From the records below, please print only the lines from the one containing "Разведение холодноводных рыб" through the one containing "Parocystola leucospora", both included. Skip the pictures.

§ **Material provided**
%%

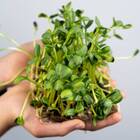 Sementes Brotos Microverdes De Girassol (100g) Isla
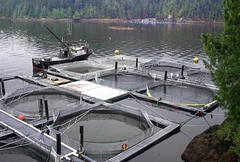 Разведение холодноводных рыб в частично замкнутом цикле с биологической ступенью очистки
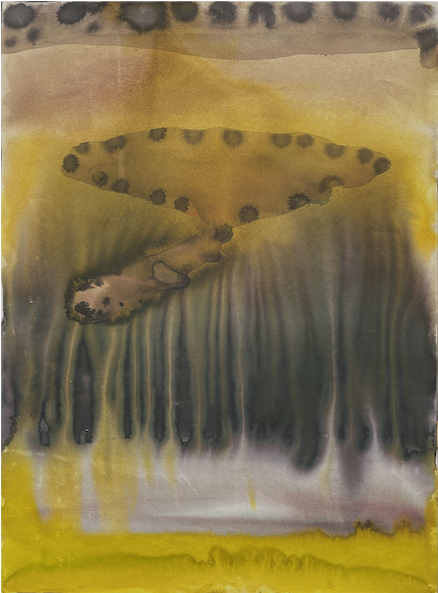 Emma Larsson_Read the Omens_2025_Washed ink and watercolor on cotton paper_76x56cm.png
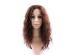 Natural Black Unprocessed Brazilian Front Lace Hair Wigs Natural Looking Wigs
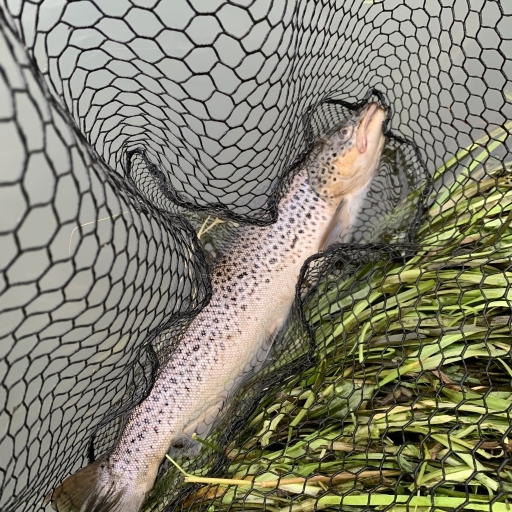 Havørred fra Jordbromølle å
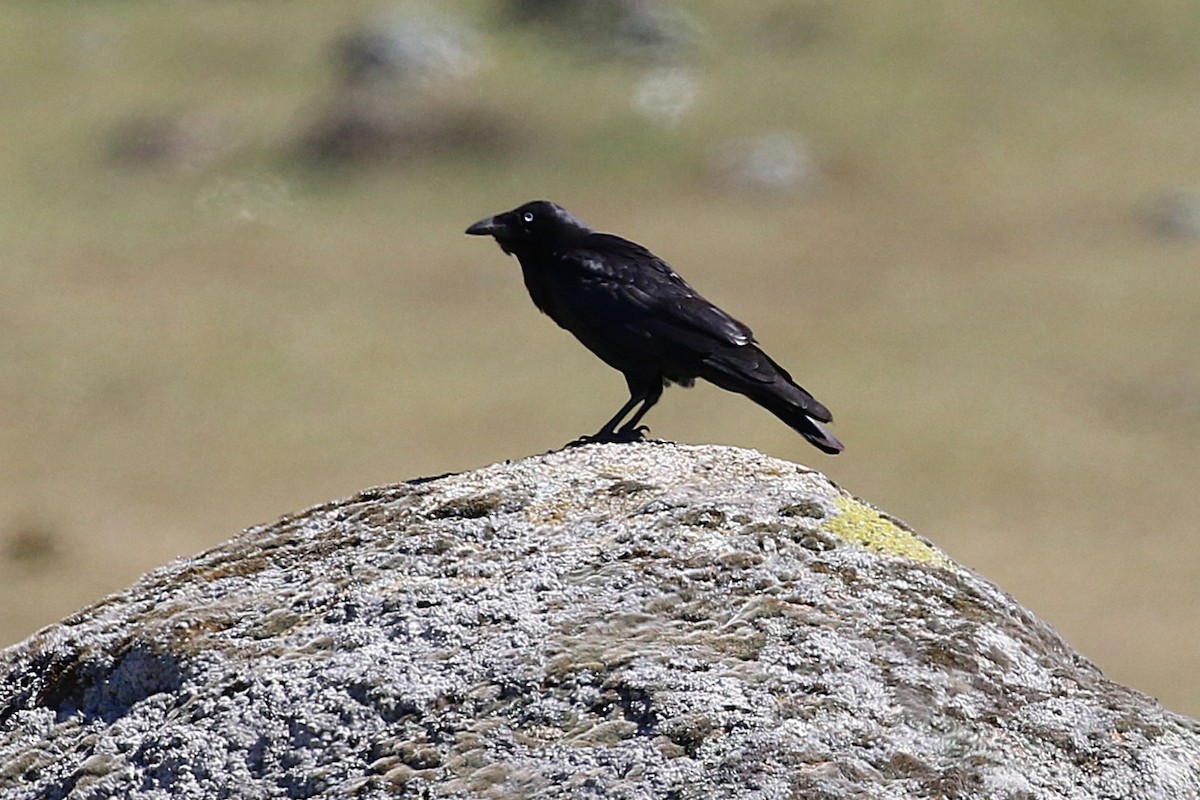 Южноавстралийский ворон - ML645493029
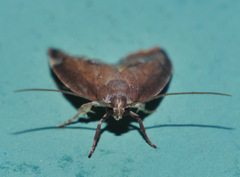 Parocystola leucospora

%%
%%

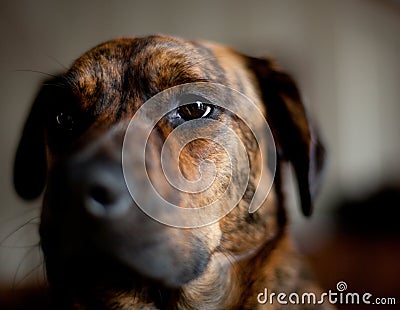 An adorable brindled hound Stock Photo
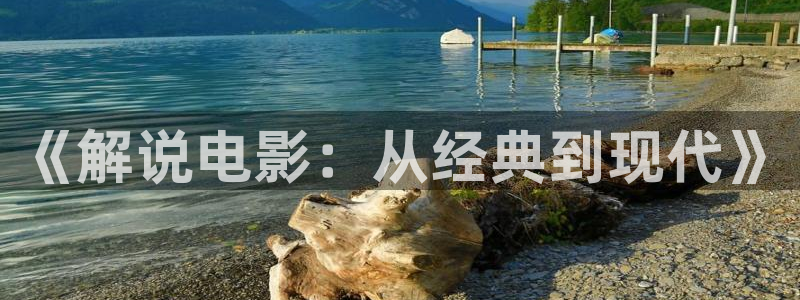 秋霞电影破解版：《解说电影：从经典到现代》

%%

§ **Task result**
 Разведение холодноводных рыб в частично замкнутом цикле с биологической ступенью очистки
 Emma Larsson_Read the Omens_2025_Washed ink and watercolor on cotton paper_76x56cm.png
 Natural Black Unprocessed Brazilian Front Lace Hair Wigs Natural Looking Wigs
 Havørred fra Jordbromølle å
 Южноавстралийский ворон - ML645493029
 Parocystola leucospora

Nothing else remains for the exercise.